== What you will do ==
Go through the entries below and print, exactly, the lines starting at the one with "巴哥犬是哪個國家的品種" and ending at the one with "smvp含笑花树苗 含笑花卉盆栽植物易种植四季庭院阳台户外耐寒 原生苗", keeping both ends and no others.

== Information provided ==
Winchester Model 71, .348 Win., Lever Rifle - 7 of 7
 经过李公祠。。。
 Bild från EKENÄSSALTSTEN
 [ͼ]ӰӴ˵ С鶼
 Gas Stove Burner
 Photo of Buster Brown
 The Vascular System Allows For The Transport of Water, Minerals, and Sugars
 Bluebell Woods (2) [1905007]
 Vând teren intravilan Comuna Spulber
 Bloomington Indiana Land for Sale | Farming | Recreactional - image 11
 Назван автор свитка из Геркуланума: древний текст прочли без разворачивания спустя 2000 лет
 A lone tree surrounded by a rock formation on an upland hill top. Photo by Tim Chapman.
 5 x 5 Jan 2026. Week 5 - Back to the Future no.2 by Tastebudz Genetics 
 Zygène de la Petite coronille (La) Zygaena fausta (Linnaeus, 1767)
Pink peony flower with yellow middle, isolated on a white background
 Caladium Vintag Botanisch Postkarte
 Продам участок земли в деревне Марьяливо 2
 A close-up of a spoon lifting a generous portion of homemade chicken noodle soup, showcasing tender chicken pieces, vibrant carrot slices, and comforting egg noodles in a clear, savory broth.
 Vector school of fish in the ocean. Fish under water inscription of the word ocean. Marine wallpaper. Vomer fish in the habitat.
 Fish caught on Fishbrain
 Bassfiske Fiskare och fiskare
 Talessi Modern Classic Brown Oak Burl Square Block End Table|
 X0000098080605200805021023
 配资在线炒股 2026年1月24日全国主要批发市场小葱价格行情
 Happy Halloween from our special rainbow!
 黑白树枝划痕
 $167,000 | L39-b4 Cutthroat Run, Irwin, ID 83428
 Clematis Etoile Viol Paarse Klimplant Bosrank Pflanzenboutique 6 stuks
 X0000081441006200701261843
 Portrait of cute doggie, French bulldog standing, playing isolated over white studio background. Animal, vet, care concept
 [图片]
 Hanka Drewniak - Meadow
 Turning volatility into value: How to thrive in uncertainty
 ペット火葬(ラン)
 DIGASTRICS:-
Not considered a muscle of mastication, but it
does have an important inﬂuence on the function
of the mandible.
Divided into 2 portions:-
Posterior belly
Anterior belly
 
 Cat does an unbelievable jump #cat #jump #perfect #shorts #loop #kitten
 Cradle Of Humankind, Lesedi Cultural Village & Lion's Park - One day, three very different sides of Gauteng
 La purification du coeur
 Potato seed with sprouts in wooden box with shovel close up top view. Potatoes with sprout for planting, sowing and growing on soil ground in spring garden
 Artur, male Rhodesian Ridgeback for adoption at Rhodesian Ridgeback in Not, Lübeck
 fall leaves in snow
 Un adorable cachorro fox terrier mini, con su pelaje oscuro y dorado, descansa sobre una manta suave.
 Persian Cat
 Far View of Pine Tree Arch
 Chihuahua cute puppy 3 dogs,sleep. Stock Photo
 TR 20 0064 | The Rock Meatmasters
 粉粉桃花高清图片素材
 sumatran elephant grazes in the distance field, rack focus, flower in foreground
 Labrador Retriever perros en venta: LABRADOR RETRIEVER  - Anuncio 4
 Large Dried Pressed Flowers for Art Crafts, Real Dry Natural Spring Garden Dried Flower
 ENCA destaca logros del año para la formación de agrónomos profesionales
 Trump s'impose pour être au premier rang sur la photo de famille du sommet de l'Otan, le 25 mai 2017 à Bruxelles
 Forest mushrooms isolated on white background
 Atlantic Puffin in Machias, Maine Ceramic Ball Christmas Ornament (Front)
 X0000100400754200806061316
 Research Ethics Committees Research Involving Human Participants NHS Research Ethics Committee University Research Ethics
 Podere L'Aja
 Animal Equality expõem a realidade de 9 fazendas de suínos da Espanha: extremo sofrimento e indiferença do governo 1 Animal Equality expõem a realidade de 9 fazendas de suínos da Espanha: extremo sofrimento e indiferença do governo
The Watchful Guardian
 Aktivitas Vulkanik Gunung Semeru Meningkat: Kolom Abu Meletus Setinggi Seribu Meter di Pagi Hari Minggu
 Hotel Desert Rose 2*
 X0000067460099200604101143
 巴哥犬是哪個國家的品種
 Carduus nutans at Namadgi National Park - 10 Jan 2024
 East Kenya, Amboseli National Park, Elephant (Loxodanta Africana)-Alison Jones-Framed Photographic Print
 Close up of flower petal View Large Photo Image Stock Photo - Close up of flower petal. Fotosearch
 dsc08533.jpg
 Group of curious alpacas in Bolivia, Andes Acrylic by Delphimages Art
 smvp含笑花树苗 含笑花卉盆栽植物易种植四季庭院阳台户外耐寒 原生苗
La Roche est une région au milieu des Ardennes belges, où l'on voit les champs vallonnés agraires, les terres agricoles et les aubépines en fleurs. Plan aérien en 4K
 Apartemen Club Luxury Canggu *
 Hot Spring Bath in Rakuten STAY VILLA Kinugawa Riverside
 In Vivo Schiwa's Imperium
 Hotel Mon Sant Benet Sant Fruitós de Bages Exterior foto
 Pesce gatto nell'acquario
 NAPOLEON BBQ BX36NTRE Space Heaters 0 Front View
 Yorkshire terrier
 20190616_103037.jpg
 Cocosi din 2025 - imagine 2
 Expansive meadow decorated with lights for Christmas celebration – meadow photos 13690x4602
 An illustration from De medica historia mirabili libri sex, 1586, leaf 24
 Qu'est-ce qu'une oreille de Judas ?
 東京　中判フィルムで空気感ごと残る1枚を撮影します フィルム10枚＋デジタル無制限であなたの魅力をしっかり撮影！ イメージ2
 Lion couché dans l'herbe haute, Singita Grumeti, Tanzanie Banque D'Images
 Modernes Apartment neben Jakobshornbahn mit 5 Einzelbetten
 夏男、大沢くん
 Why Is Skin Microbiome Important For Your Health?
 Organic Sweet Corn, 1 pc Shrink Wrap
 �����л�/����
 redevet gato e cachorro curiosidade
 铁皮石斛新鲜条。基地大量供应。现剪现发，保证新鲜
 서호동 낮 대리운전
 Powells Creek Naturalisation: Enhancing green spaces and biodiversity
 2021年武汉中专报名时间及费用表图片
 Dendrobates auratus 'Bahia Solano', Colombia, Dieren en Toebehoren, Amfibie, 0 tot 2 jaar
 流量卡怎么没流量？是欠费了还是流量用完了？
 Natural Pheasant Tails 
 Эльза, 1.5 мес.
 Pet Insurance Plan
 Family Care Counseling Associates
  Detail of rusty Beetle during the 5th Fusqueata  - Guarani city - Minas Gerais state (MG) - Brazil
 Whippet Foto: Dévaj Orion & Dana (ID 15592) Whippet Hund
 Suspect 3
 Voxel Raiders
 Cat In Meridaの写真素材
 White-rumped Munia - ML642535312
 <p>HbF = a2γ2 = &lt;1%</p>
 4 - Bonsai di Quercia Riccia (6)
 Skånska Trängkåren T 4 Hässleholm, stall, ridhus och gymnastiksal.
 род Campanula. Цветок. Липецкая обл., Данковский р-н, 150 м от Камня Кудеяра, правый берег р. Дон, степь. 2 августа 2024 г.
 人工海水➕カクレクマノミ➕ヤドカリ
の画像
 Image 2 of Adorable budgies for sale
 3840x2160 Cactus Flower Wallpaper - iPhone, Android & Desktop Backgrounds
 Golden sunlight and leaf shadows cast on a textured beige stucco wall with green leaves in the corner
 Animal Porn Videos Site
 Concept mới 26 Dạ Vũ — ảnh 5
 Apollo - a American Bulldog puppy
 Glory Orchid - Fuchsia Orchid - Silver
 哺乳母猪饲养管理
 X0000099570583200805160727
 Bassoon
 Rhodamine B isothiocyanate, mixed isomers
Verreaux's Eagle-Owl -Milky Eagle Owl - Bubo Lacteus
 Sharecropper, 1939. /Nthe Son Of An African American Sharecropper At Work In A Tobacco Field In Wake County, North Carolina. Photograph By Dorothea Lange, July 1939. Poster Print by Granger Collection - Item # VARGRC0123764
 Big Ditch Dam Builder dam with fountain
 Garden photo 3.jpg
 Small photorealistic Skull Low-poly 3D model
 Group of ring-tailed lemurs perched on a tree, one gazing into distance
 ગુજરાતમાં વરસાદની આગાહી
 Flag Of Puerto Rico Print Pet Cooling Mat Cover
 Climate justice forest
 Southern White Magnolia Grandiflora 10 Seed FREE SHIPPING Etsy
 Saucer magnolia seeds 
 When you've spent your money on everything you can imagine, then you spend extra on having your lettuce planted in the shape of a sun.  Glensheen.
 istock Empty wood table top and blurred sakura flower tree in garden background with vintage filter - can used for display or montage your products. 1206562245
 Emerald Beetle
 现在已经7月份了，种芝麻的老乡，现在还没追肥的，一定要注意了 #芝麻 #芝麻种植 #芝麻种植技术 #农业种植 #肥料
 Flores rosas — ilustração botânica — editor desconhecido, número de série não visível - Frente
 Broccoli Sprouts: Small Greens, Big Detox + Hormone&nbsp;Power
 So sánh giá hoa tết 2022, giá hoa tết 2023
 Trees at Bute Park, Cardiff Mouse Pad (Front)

== Exercise output ==
 巴哥犬是哪個國家的品種
 Carduus nutans at Namadgi National Park - 10 Jan 2024
 East Kenya, Amboseli National Park, Elephant (Loxodanta Africana)-Alison Jones-Framed Photographic Print
 Close up of flower petal View Large Photo Image Stock Photo - Close up of flower petal. Fotosearch
 dsc08533.jpg
 Group of curious alpacas in Bolivia, Andes Acrylic by Delphimages Art
 smvp含笑花树苗 含笑花卉盆栽植物易种植四季庭院阳台户外耐寒 原生苗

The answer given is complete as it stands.